::: Records
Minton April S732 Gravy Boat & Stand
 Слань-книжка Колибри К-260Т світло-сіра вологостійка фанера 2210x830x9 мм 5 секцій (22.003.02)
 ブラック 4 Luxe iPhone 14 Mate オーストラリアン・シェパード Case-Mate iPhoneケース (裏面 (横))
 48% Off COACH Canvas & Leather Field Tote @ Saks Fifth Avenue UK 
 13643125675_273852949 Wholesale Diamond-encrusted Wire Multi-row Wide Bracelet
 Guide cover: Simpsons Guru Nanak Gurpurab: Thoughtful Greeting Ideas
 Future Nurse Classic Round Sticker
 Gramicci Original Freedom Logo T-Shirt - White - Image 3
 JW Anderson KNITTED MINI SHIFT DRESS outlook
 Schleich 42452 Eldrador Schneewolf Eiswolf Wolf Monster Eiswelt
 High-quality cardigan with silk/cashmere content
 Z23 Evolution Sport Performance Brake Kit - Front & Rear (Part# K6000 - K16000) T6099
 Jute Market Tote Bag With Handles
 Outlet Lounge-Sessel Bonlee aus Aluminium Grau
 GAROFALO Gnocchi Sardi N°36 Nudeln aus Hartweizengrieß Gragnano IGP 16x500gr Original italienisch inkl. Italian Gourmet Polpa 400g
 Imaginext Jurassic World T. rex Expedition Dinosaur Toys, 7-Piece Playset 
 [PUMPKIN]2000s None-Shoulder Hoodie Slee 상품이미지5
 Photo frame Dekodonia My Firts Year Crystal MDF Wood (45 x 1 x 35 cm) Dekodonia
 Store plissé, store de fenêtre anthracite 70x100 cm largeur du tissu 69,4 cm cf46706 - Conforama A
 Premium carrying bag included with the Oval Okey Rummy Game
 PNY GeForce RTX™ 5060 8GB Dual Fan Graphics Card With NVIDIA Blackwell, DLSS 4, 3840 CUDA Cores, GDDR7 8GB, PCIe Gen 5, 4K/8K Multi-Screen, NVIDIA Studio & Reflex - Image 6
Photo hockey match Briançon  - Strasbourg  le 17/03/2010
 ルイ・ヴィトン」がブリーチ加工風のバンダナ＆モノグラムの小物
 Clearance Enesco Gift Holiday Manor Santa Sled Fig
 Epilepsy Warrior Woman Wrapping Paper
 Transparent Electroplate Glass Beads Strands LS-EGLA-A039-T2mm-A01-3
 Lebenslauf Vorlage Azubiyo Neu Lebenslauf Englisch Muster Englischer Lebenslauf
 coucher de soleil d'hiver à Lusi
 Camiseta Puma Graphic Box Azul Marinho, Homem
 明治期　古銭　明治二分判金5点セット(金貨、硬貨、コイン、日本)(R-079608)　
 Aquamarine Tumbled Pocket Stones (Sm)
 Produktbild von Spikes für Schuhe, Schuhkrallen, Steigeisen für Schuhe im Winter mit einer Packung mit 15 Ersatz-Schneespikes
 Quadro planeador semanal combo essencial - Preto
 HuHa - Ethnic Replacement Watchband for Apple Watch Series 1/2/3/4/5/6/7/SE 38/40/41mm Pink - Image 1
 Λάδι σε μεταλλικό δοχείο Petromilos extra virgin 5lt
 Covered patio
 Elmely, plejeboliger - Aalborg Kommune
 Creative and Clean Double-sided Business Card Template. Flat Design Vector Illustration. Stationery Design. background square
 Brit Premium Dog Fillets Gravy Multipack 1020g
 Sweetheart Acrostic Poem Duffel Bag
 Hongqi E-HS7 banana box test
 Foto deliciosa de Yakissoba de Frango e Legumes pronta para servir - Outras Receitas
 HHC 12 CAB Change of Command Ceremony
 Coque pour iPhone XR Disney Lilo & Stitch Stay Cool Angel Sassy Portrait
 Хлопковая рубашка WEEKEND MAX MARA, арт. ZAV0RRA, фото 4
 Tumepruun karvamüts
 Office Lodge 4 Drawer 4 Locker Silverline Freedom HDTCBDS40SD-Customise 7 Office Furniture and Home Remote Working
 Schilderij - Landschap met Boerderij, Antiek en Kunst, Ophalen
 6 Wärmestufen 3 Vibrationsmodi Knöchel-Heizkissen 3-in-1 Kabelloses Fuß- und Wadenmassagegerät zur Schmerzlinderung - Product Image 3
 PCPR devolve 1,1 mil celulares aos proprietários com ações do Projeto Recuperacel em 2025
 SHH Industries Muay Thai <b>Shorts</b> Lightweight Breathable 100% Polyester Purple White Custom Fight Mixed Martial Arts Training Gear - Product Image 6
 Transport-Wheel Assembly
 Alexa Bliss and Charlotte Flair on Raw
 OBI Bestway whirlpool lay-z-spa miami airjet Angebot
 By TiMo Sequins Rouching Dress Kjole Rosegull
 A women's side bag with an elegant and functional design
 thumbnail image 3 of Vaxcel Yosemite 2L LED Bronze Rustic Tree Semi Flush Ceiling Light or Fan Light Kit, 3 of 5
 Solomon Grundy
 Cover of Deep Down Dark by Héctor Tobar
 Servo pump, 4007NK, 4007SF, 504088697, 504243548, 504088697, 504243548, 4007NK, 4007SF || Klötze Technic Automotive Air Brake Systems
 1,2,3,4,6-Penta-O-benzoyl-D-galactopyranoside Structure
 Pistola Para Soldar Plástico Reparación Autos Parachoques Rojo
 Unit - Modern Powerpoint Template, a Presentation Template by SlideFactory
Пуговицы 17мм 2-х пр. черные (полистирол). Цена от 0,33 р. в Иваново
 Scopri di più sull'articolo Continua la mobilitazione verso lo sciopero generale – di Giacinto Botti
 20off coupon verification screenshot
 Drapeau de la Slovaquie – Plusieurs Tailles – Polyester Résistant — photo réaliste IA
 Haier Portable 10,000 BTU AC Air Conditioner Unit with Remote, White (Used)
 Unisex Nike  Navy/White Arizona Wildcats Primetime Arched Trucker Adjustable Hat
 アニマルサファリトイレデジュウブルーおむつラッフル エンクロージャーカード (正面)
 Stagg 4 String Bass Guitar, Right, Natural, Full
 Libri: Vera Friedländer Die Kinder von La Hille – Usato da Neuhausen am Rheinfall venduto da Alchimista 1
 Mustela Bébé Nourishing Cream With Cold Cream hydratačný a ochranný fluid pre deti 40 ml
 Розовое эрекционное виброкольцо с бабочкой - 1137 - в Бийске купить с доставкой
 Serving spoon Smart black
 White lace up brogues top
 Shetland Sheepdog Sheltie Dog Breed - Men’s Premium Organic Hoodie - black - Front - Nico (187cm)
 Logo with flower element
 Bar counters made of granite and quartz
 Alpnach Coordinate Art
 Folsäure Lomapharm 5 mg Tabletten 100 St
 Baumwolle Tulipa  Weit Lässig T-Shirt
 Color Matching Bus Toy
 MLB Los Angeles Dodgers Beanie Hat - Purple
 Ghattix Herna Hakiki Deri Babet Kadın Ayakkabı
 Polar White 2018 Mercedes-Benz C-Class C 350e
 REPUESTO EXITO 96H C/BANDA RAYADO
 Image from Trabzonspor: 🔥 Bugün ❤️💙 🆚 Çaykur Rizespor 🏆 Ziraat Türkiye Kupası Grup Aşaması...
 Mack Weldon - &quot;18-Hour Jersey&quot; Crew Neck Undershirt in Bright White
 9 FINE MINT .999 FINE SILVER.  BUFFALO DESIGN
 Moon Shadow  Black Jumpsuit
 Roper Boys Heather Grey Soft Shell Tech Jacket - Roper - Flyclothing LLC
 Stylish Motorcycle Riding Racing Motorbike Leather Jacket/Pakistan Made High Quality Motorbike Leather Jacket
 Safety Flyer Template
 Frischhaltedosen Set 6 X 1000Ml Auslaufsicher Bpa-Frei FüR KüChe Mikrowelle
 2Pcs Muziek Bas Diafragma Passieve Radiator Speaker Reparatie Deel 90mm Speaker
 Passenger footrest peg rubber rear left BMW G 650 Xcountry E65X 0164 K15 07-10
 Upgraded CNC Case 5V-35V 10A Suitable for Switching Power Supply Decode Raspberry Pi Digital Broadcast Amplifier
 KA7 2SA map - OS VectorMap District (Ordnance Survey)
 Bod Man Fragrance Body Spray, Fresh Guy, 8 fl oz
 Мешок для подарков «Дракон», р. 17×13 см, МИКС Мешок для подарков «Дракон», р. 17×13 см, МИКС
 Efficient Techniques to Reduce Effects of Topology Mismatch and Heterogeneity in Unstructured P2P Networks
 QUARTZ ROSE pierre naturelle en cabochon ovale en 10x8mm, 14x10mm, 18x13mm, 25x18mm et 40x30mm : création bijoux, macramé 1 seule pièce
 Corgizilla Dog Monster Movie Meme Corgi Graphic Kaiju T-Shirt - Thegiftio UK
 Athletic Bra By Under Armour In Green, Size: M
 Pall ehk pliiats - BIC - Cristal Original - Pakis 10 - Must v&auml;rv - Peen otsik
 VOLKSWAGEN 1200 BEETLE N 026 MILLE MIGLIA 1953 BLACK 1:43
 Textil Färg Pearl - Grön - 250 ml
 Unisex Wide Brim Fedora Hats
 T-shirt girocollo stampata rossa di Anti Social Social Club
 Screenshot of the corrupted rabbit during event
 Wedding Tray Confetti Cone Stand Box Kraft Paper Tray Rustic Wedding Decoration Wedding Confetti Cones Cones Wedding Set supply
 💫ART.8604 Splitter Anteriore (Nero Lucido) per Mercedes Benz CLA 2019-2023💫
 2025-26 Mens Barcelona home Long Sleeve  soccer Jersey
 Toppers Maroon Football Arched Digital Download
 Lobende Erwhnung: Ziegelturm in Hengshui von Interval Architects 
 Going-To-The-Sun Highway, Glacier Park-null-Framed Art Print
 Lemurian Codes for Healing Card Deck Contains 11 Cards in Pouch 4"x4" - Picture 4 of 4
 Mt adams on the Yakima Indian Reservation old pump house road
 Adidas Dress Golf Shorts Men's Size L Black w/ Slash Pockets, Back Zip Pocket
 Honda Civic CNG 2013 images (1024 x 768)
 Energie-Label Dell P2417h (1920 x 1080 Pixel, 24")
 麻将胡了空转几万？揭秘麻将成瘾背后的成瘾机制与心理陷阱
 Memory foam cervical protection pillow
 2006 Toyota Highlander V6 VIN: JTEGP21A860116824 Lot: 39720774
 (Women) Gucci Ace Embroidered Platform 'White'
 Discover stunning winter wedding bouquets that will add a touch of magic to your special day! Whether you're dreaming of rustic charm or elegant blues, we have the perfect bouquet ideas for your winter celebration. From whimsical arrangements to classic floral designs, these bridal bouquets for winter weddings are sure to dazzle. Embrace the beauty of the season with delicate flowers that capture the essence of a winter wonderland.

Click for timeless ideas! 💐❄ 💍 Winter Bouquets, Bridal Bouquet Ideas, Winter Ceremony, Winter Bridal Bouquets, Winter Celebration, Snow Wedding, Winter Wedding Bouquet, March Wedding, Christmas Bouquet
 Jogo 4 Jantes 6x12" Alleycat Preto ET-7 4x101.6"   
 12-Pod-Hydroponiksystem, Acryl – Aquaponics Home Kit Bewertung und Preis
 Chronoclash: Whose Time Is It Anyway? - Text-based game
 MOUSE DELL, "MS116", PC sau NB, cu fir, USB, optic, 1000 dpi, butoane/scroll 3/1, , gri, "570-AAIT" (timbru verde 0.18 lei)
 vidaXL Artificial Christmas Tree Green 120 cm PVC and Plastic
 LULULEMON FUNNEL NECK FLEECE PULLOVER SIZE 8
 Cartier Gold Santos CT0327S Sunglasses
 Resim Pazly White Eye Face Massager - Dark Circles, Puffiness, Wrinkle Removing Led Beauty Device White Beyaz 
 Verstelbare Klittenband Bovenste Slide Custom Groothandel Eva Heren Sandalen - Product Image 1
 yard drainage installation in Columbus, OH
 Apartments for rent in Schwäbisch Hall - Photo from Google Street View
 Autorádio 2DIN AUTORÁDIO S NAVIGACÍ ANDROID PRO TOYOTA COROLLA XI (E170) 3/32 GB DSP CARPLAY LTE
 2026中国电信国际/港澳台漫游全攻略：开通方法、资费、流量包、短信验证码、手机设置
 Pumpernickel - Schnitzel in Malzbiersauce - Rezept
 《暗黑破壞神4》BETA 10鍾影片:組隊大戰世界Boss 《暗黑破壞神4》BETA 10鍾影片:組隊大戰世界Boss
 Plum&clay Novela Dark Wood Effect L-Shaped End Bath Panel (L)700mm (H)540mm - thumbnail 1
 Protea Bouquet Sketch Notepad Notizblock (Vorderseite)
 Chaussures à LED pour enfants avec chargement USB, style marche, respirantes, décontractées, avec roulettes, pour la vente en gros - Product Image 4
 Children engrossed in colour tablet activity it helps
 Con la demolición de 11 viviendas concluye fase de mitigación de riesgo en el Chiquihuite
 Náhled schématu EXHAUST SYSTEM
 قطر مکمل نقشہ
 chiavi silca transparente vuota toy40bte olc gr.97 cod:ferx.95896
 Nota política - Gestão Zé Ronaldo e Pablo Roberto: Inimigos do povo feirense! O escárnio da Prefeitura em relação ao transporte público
::::::
Exercise details
Copy out the range of lines above starting at the line with "verde 0.18 lei)" and ending at the line with "chiavi silca transparente", exactly and including both.

Response
 MOUSE DELL, "MS116", PC sau NB, cu fir, USB, optic, 1000 dpi, butoane/scroll 3/1, , gri, "570-AAIT" (timbru verde 0.18 lei)
 vidaXL Artificial Christmas Tree Green 120 cm PVC and Plastic
 LULULEMON FUNNEL NECK FLEECE PULLOVER SIZE 8
 Cartier Gold Santos CT0327S Sunglasses
 Resim Pazly White Eye Face Massager - Dark Circles, Puffiness, Wrinkle Removing Led Beauty Device White Beyaz 
 Verstelbare Klittenband Bovenste Slide Custom Groothandel Eva Heren Sandalen - Product Image 1
 yard drainage installation in Columbus, OH
 Apartments for rent in Schwäbisch Hall - Photo from Google Street View
 Autorádio 2DIN AUTORÁDIO S NAVIGACÍ ANDROID PRO TOYOTA COROLLA XI (E170) 3/32 GB DSP CARPLAY LTE
 2026中国电信国际/港澳台漫游全攻略：开通方法、资费、流量包、短信验证码、手机设置
 Pumpernickel - Schnitzel in Malzbiersauce - Rezept
 《暗黑破壞神4》BETA 10鍾影片:組隊大戰世界Boss 《暗黑破壞神4》BETA 10鍾影片:組隊大戰世界Boss
 Plum&clay Novela Dark Wood Effect L-Shaped End Bath Panel (L)700mm (H)540mm - thumbnail 1
 Protea Bouquet Sketch Notepad Notizblock (Vorderseite)
 Chaussures à LED pour enfants avec chargement USB, style marche, respirantes, décontractées, avec roulettes, pour la vente en gros - Product Image 4
 Children engrossed in colour tablet activity it helps
 Con la demolición de 11 viviendas concluye fase de mitigación de riesgo en el Chiquihuite
 Náhled schématu EXHAUST SYSTEM
 قطر مکمل نقشہ
 chiavi silca transparente vuota toy40bte olc gr.97 cod:ferx.95896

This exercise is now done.